>[*] It's possible that the neo-cons assumed that it would be easy to run
>Iraq after the conquest -- oops, I mean "liberation" -- because the
>countries of Eastern Europe were relatively easy to run after the fall of
I have a different take on this. Occupying Iraq really should have been
*relatively* easy (ok, a lot less hard), for a number of reasons. But the
people calling the shots (sorry for the pun) are a extreme group,
inexperienced, and for ideological reasons have isolated themselves - even
from the vast U.S., Iraqi, and international apparatuses who would pretty
much readily do it for them.
Iraq had some unique advantages for the U.S. government - more advantages
than practically any country in the world (which is why they chose
Iraq). Only a handful of countries could provide that much revenue/per
person to an occupying power. No other country could provide both the
money and the human resource base. The U.S. succeeds a widely detested
dictatorship in a largely apolitical un-mobilized climate after a decade of
sanctions. Guerrilla groups can not survive in numbers in the countryside
and the neighboring countries hated the regime and would be willing to stay
out of the conflict (for now and under the right conditions). The Kurdish
part of the country was already largely 'handled'.

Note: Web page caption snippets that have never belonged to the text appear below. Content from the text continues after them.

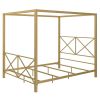 Queen size Modern Gold Metal Canopy Bed Frame with Headboard and Footboard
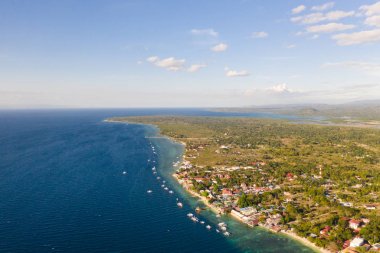 Cebu adasının sahili, Moalboal, Filipinler, en iyi manzara.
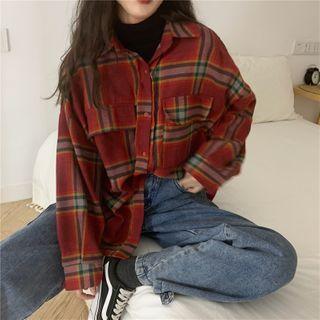 Plaid Loose-fit Long-sleeve Shirt Shirt - One Size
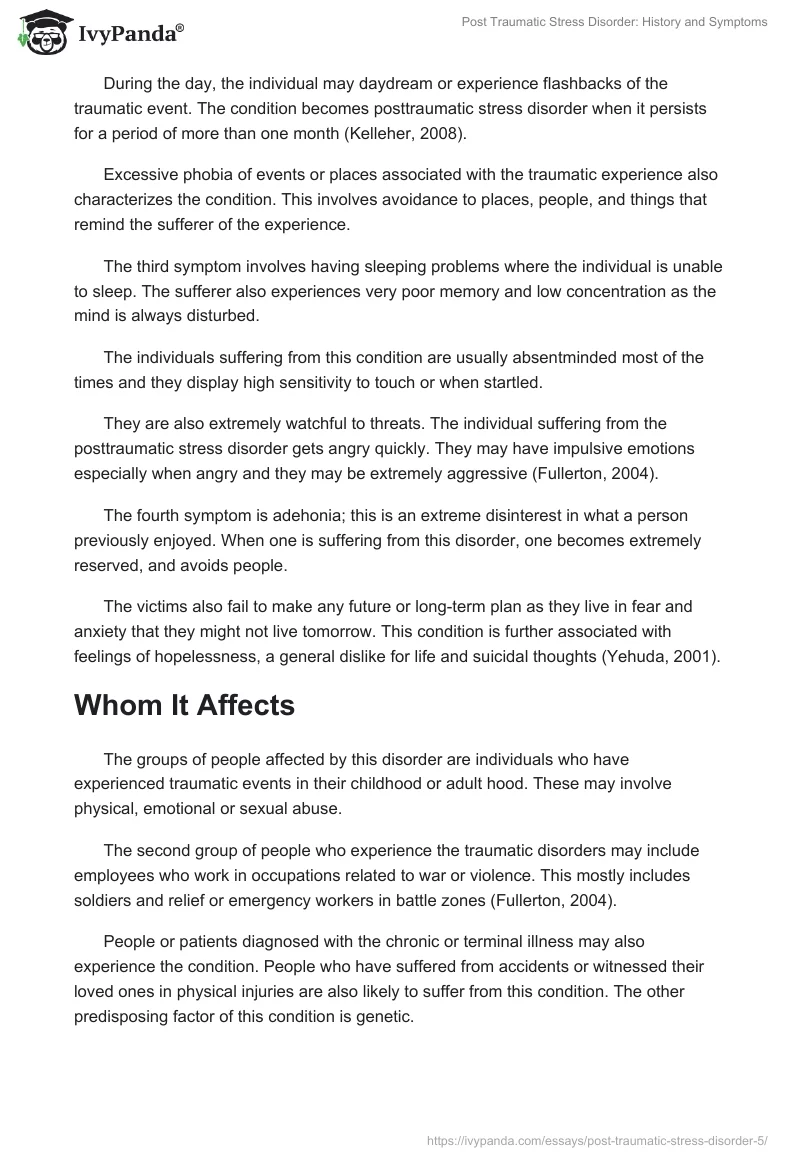 Post Traumatic Stress Disorder: History and Symptoms. Page 2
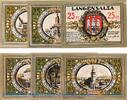 Serienscheine DE 6 Scheine kpl. 6 x Notgeld Stadt Langensalza 770.1 , Set mit 6 Scheinen in kfr. von 1921 -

The U.S. needed to make compromises - BUT with groups that were ready to do
it. International elites required some slice of the pie and minor seats at
the table. Many, Iraqi Sunni Bathists and many of their guerilla
supporters in the small units now active) could likewise be accommodated IF
they believe there is some role for their class via control/sale of the
state mechanisms they built (they mostly do not come from the traditional
wealthy families or the tribal elite). Something like the Soviet
transition would have been fine by them. Admittedly, the Shiites require
some very subtile accommodations (but again there is LOTS of resources to
do it with and they have gotten very little in the past).
The Eastern Europe transition used multinational institutions that ensured
a big place for the Europeans and even sought a place for the Japanese in
the Soviet Far East. It brought in a lot of technical people who "know"
how to do these things. It readily sought to buy out the existing national
elite classes and groups and offer them a personal future. This model was
rejected by the Bush administration (for now) and explains a good part (not
all) of the problems.
The contrast does also tell us about the future model this crowd hopes to
promote. But I also wonder (with the Presidential election looming)
whether the U.S. won't soften its line.